ですが,それとは別に,「近道」という意味も持っています。
すると,図の赤い線は,遠回りをしていることになります。
ということで,「近道じゃないんだから,赤い線は直径じゃないよ」という声が出てきたら,これはすごい!となります。
じゃあ,円周と円周を結んだ直線を引いたら,それは何なのかというと,それを普通「弦」と呼んでいます。
ここから,「弦」の一番長いものが「直径」とわかり,直径は弦の特別な形とわかります。
すると,直径は弦の仲間となり,半径を組み合わせた形では無いとわかります。
半径は何かの「半分」という意味ですから,半径は直径に従属しています。
赤い線の考え方は,従属関係を逆にして,直径を半径に従属させているようにも見えてきます。

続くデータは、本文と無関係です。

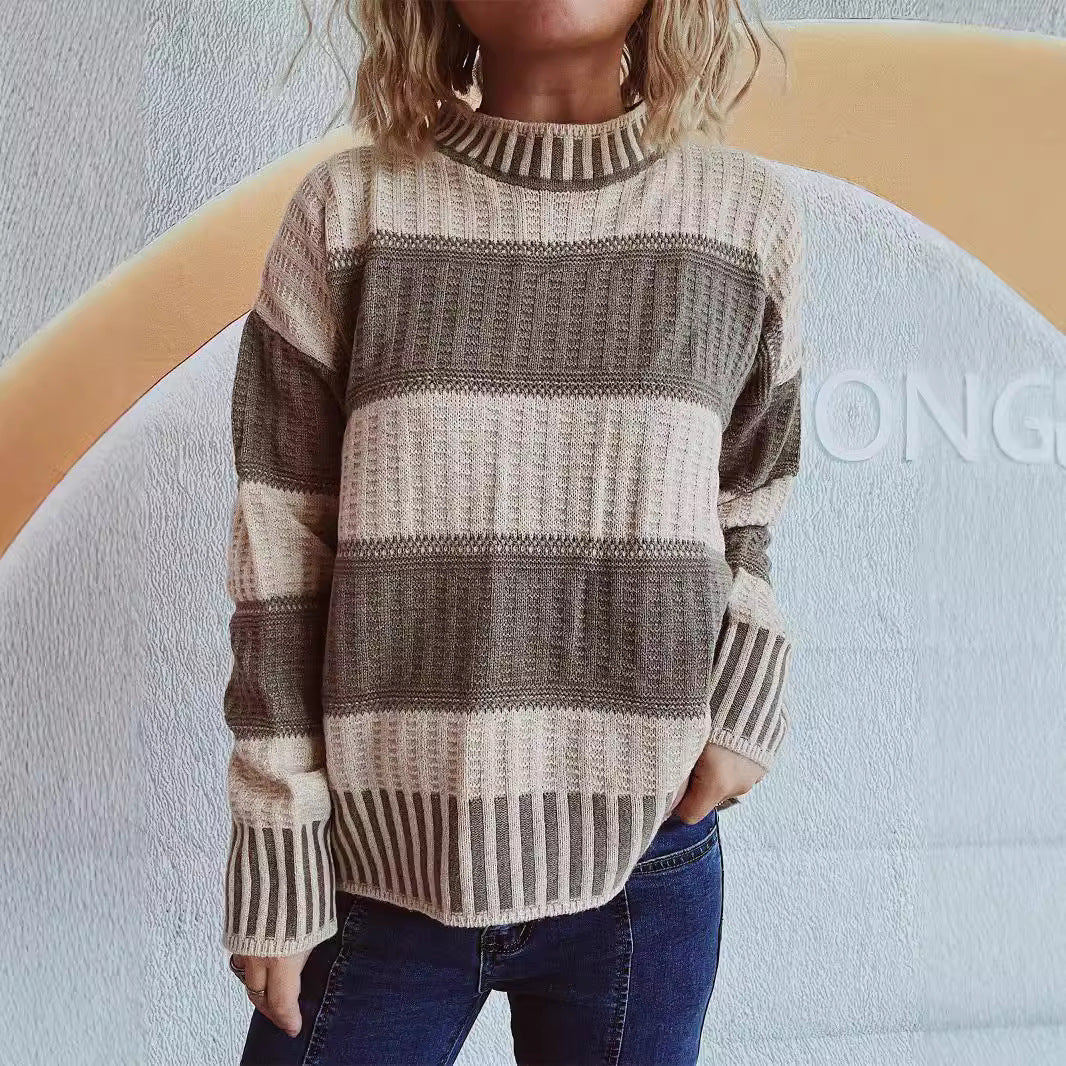 Kvindernes stilfulde strikkede sweater med unikt stribemønster og høje manchetter Stilla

こんな風にあれこれ思っているとき,頭の中に野口先生を登場させてみると,趣のちがう世界が出てきます。
考えられるのは「直線」という言葉にこだわることです。
直線は,線の仲間です。
わざわざ「直」と書いている「線」です。
ということは,「直」でない「線」もあると言うことです。
「曲線」
「折れ線」
これが見つかれば,次のように筋を通すことができます。
図のような折れている図形も直径と認めるならば,定義に「折れ線」と書くべきだ。
でも,それを書いていないのは,該当していないということなのです。

1,面積を半分にする。
2,線分という言葉がある。
3.弦という言葉がある。
4,線は直線・曲線などの総称である。

こういうことが次々出てくるので,有田和正先生の話してくれていた直径の問題は秀逸なのです。